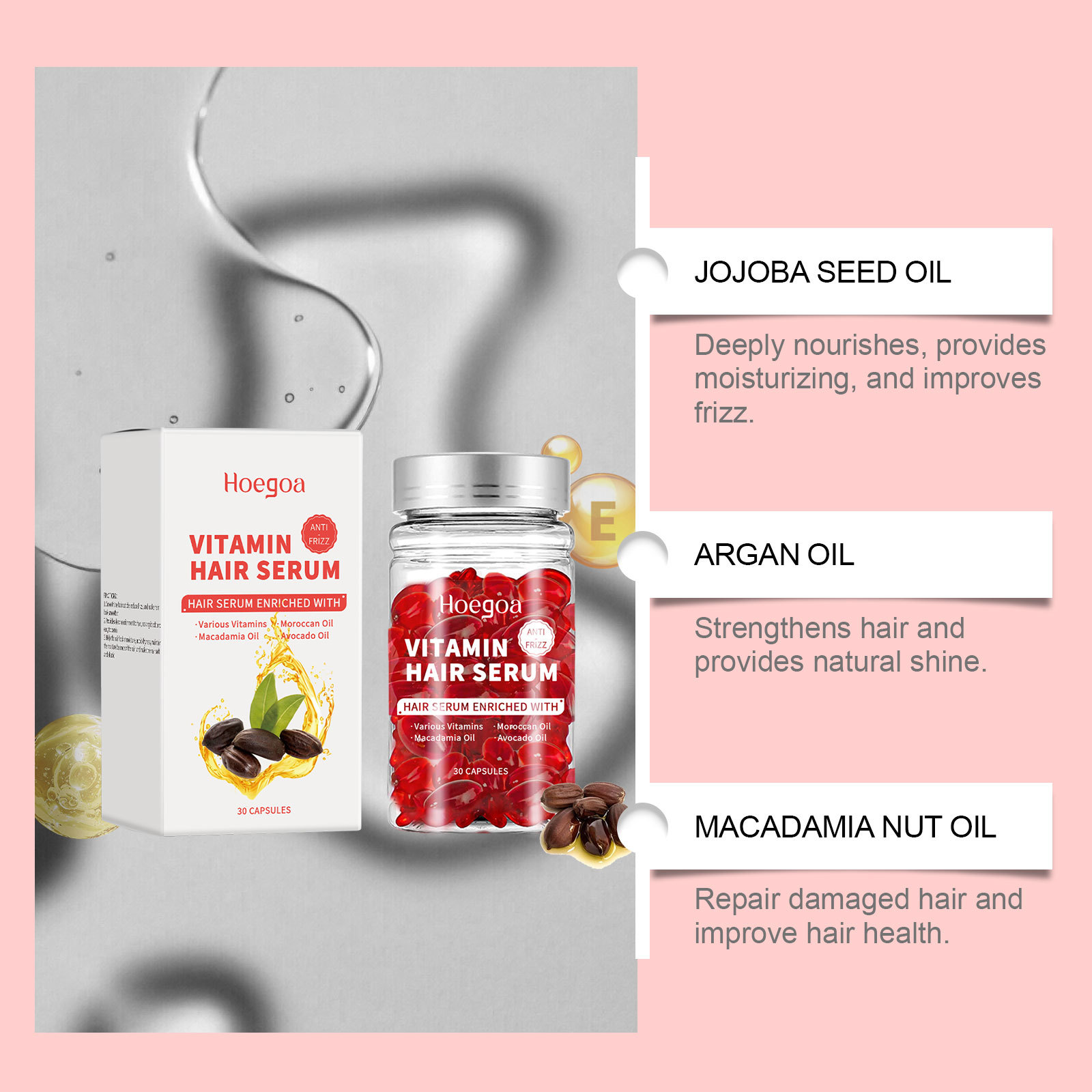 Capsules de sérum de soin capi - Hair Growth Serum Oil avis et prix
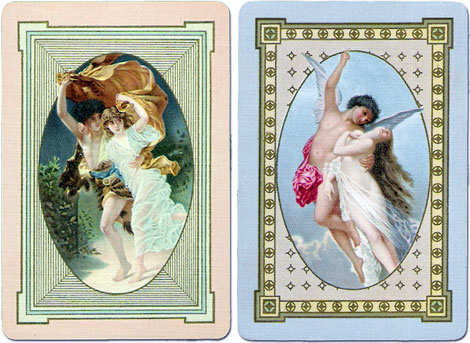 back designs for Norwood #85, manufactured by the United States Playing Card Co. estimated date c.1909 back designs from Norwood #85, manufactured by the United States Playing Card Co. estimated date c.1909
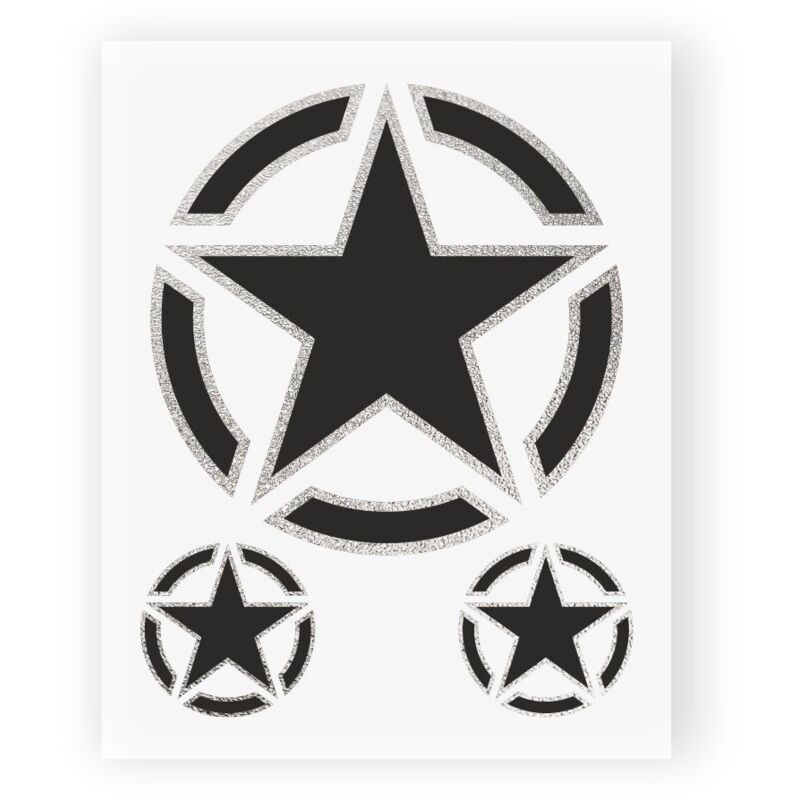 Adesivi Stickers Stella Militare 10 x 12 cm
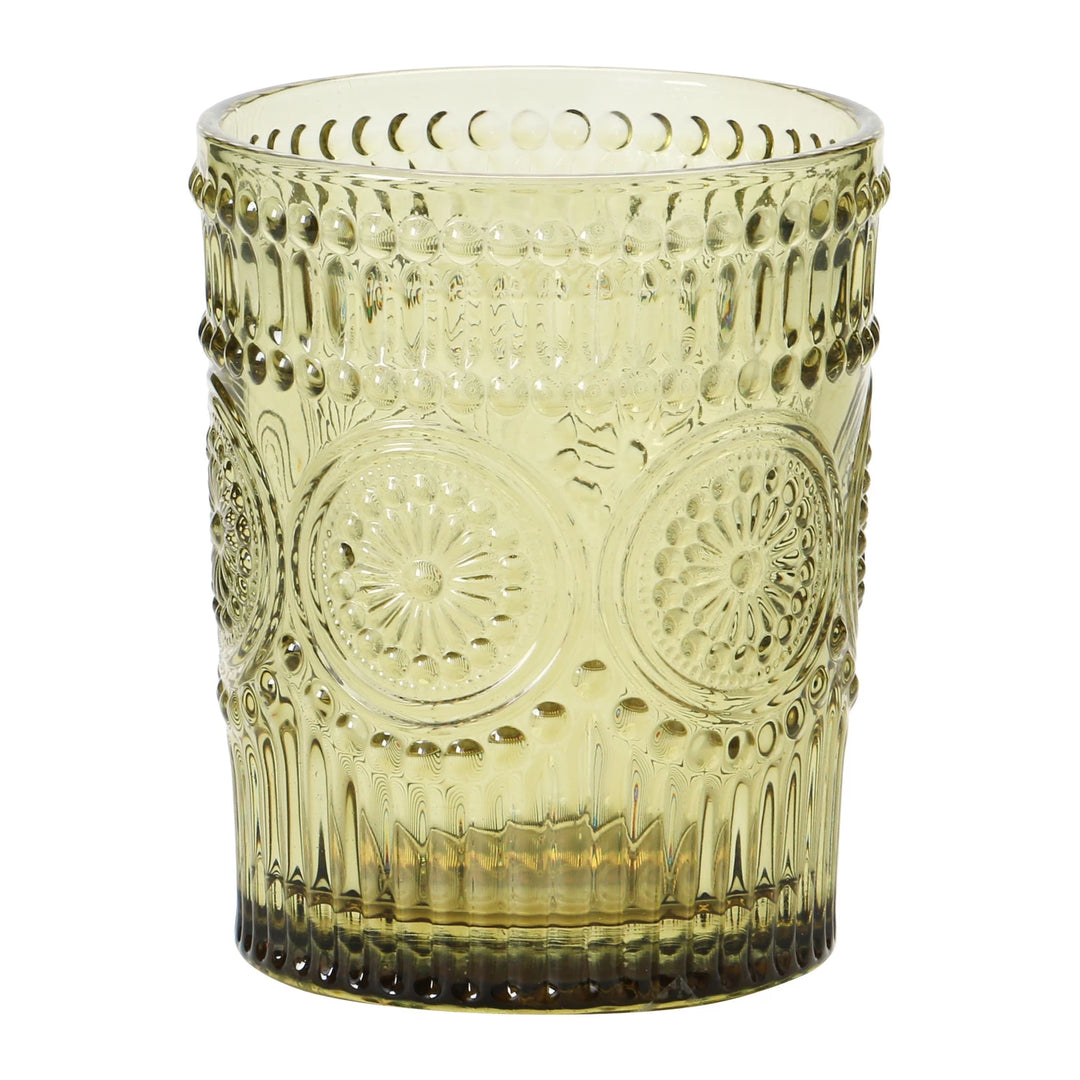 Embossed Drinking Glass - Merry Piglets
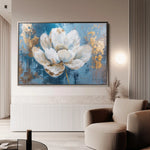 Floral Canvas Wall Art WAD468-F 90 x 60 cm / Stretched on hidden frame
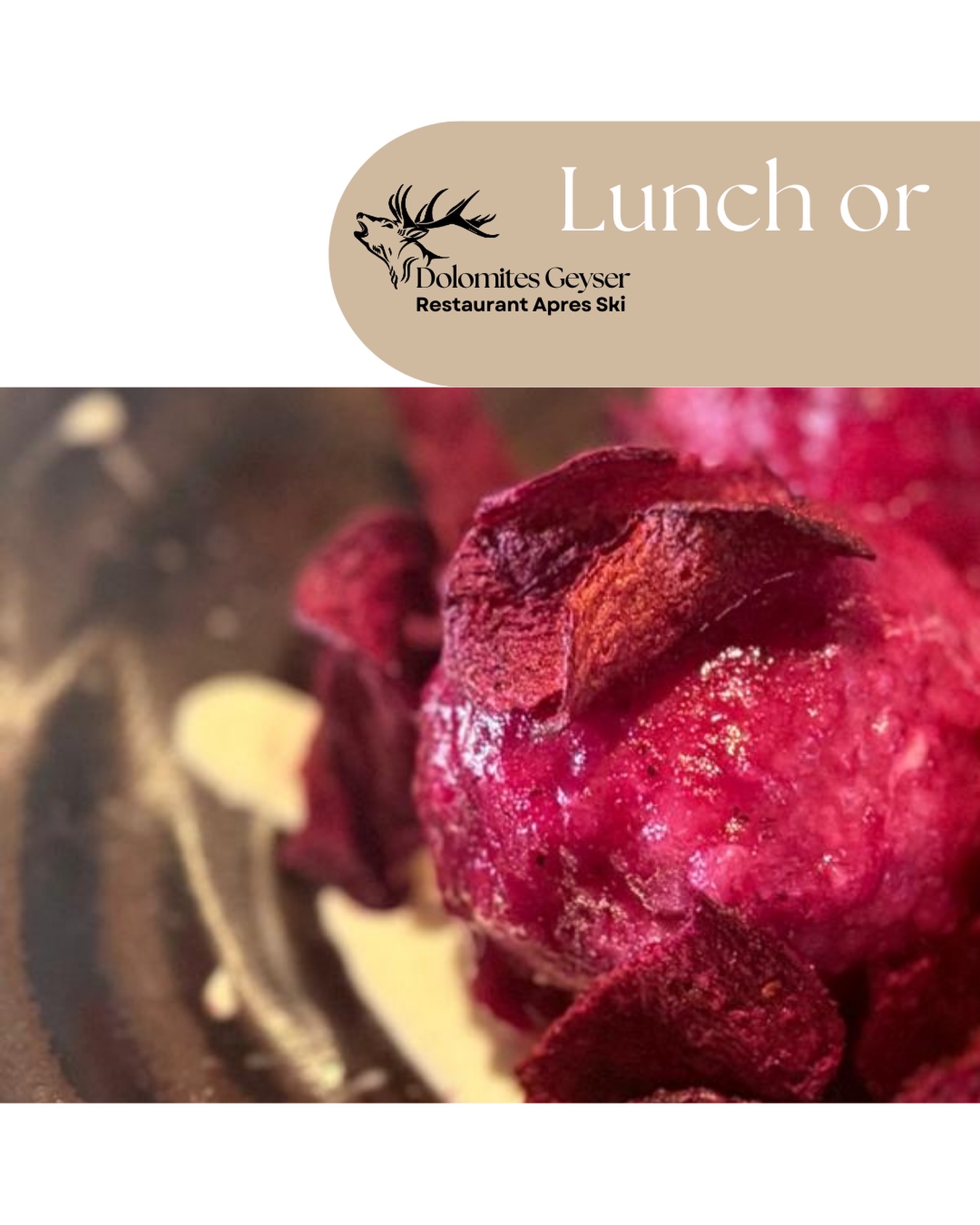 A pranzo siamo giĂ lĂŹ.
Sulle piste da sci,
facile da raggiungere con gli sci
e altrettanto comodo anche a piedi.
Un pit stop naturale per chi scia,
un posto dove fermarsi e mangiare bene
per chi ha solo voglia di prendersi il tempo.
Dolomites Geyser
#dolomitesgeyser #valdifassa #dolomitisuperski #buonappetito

::::

• **DIRECTIONS**
Output the records above exactly as written, but leave out the pictures.

• **WORKED SOLUTION**
 Capsules de sérum de soin capi - Hair Growth Serum Oil avis et prix
 back designs for Norwood #85, manufactured by the United States Playing Card Co. estimated date c.1909 back designs from Norwood #85, manufactured by the United States Playing Card Co. estimated date c.1909
 Adesivi Stickers Stella Militare 10 x 12 cm
 Embossed Drinking Glass - Merry Piglets
 Floral Canvas Wall Art WAD468-F 90 x 60 cm / Stretched on hidden frame
 A pranzo siamo giĂ lĂŹ.
Sulle piste da sci,
facile da raggiungere con gli sci
e altrettanto comodo anche a piedi.
Un pit stop naturale per chi scia,
un posto dove fermarsi e mangiare bene
per chi ha solo voglia di prendersi il tempo.
Dolomites Geyser
#dolomitesgeyser #valdifassa #dolomitisuperski #buonappetito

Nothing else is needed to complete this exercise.